To me, this is what decolonial leadership means. It is rejecting the assumption that leadership is best understood as commands from above. It means recognizing that many of the organizational models we have inherited are shaped by coloniality, even when they appear normal or practical. It means reclaiming leadership as a relational, cultural, political, and collective practice forged through service, generosity accountability, and the courage to challenge the imposed structures. It also means recognizing that such leadership is not always safe. Truly decolonial leadership can be disruptive because it refuses to be merely symbolic. It asks for actual change in how decisions are made, how power is collectively distributed, and how this authenticity is understood.

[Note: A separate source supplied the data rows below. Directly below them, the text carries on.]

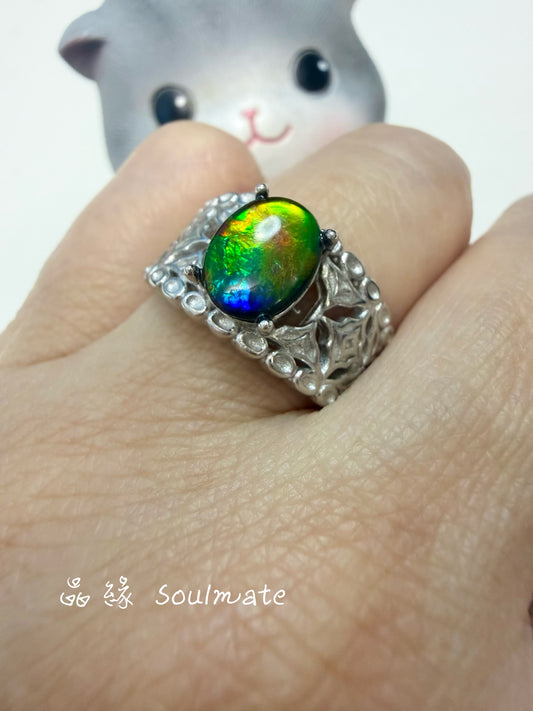 斑彩石戒指 （石7x9mm)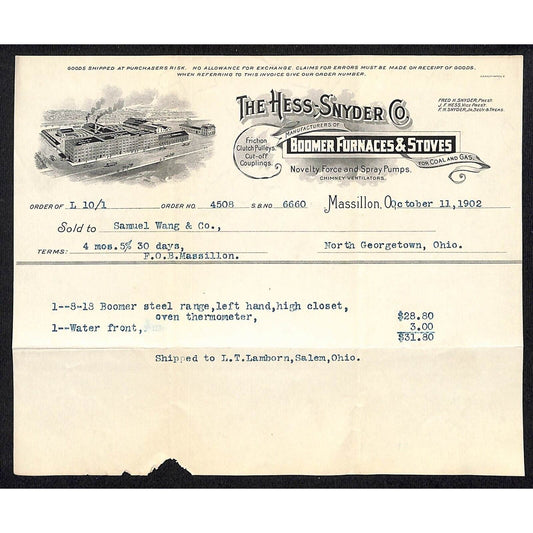 Hess-Snyder Co Boomer Furnaces Massillon Billhead 1902 Samuel Wang* N Georgetown
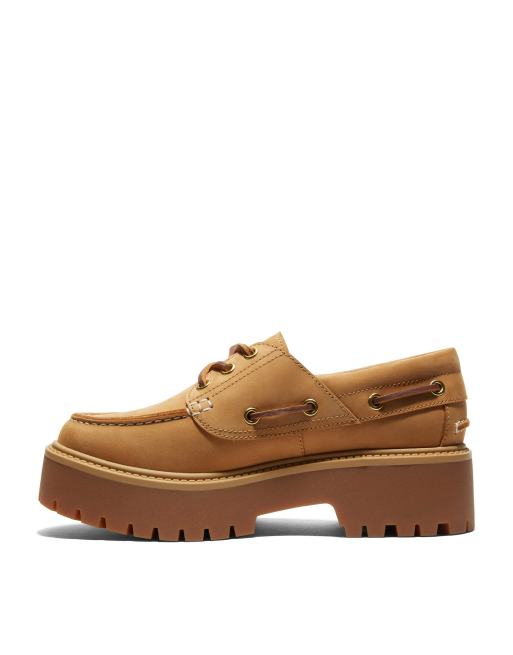 Timberland Stone Street platform boat shoes in tan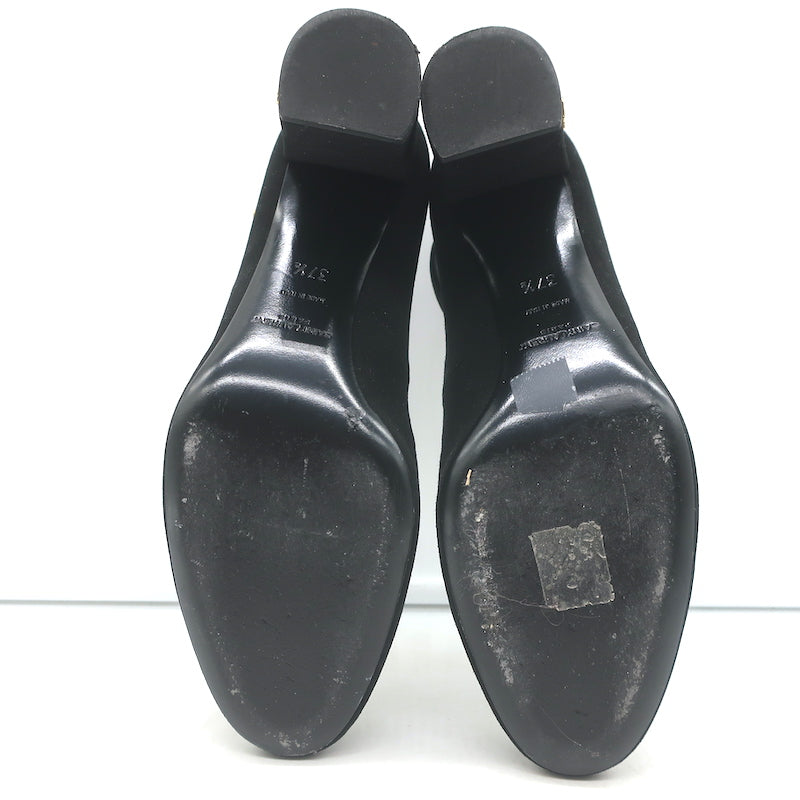 Saint Laurent Loulou Ankle Strap Pumps Black Suede Size 37.5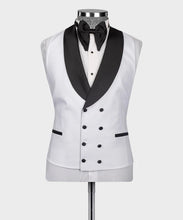 Load image into Gallery viewer, White Tuxedo With Black Wide Lapel&nbsp;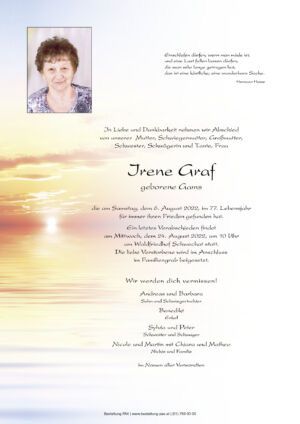 Traueranzeige von Irene Graf
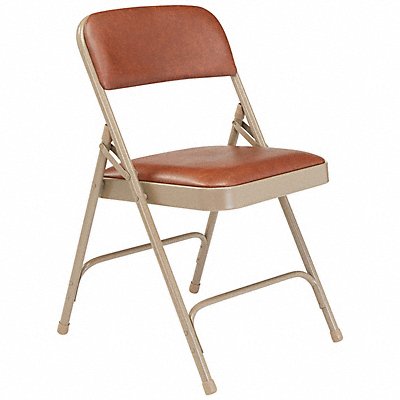 NATIONAL PUBLIC SEATING 1203 Folding Chair Vinyl Brown PK4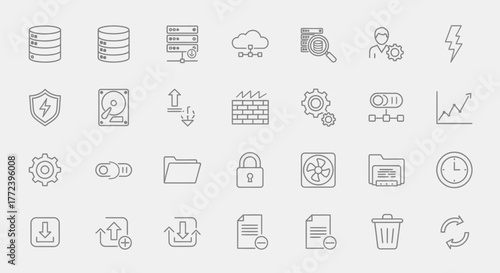 Collection of thin line icons representing data, security, and tech concepts against a light background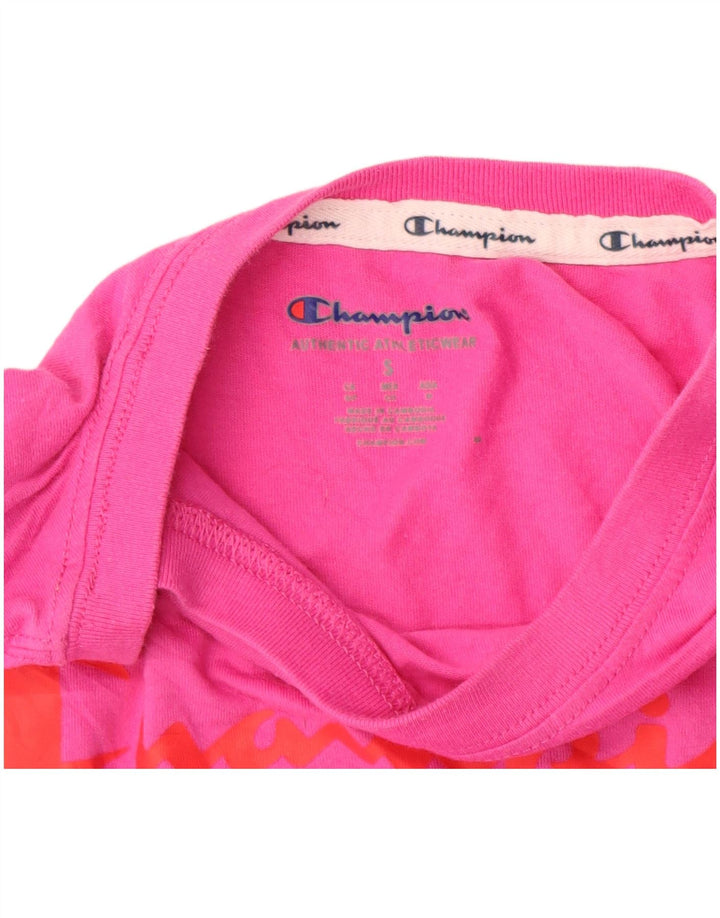 CHAMPION Womens Crop Graphic T-Shirt Top UK 10 Small Pink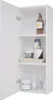 An open white cabinet with shelves displaying various toiletries and cosmetic products. Voir les images du produit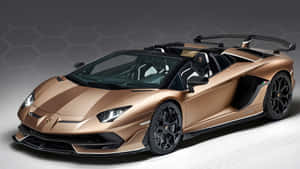 工作室環境中帶有黑色細節的青銅色林寶堅尼 Aventador SVJ Roadster — 林寶堅尼 4K 壁紙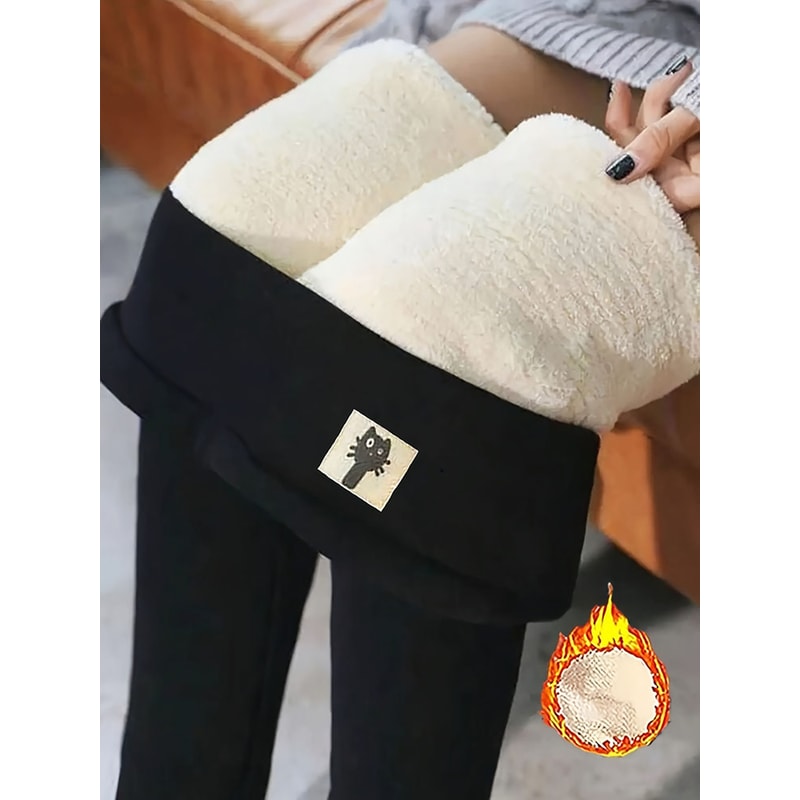 High Waist Winter Thicken Warm Leggings Women Lamb Cashmere Joggers Fleece Elastic Tights Slim Velv 0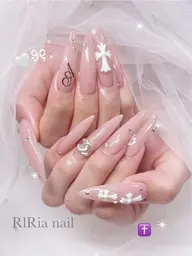 🎀チップ長さ出し＋シンプルデザイン＋パーツ付け放題（オフ込み）¥12800→¥9800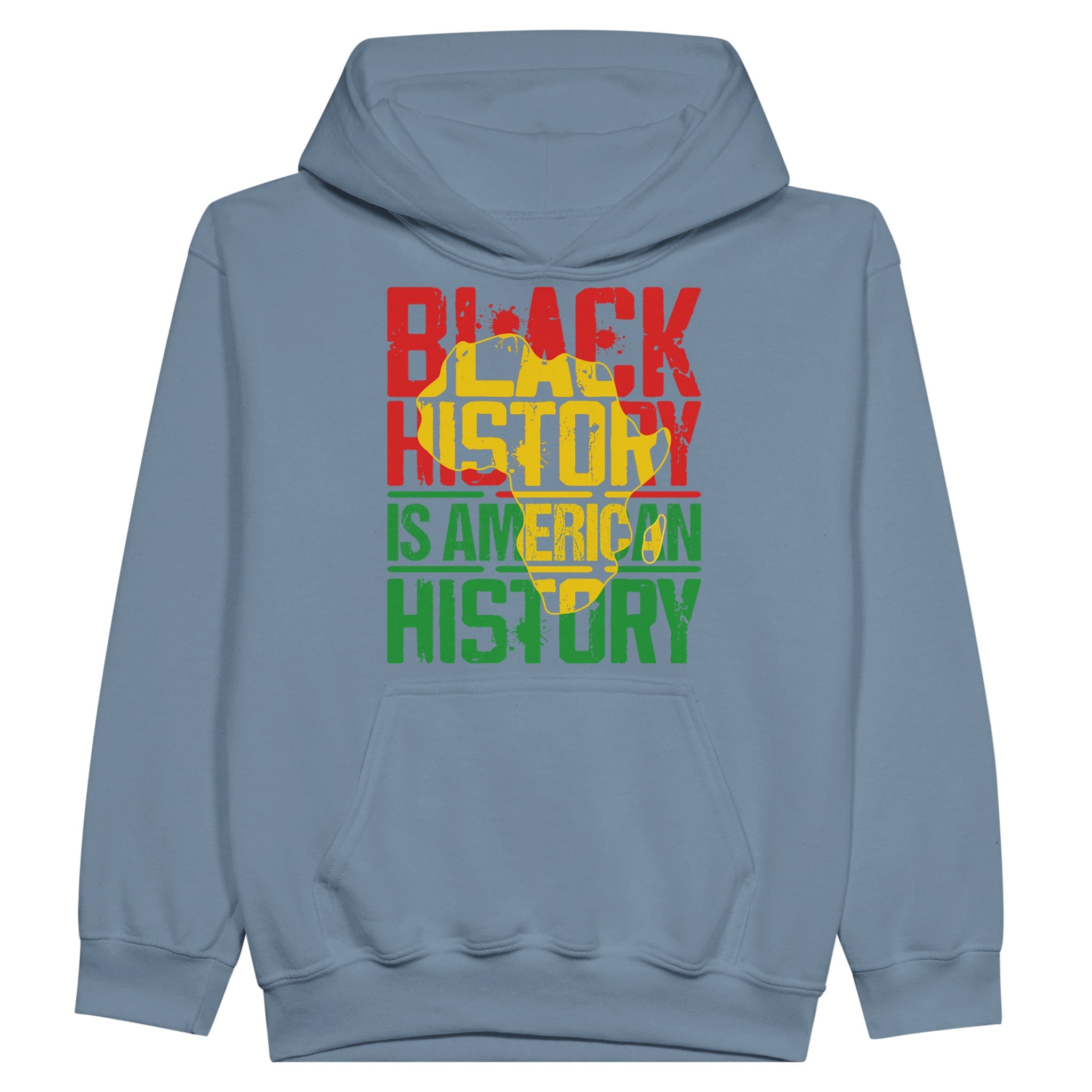 Black History is American History Africa Map Hoodie For Kids - Prideful Roots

In the end, I do not believe a leaders should be measured primarily by title, their income, or place in the machine. I believe a leader should be measured by the responsibilities they carry, the relationships they hold dear and honor, and the extent to which they remain answerable to the people. Colonial leadership places a leader above the people. Decolonial leadership places the leader within a field of obligations. That, to me, is the way forward.
So how do I apply this, as a manager within the Tribe?
I consider myself a decolonial manager. I try to listen, before I direct my staff; I do not assume that my title gives me all of the knowledge. I build decisions with, and from, the people whom I work with.
I treat staff as if my own cousins, not just employees.
I use my authority carefully. I still have to make decisions and set expectations, and protect processes, but I do not confuse anyone with superiority.
I give credit where credit is due. I do not hoard information or influence or visibility. I open myself up to anyone, I aim to mentor others, and I ensure that recognition is shared. I alone, am not responsible for successful projects.
Anyone can disagree with me. I do not take it personally.
I protect those around me from the bureaucracy when it is necessary. I push back on harmful policy and I do not let institutional pressure push on to those whom I "manage."
I share information, I make time, and attempt to remove barriers. I advocate for my staff and take on difficult work myself, rather than relegating it downward.
I try to keep Tribal or community-serving as the base context for the work we do every day. After all - we are serving Tribal students from our community. I aim to reconnect daily operations to our people, with our culture always on the back of my mind when I make decisions.
If I had to sum it up all in one sentence. As a manager, this model of leadership means using my position to coordinate relationships, protect people, and share power where and when possible, and keep the work always accountable to community rather than a hierarchy. Namely - I care more for what the needs of the people are asking for, rather than what those in power want.
I am not perfect. I fail. I fail often, but I learn and adapt, and do better.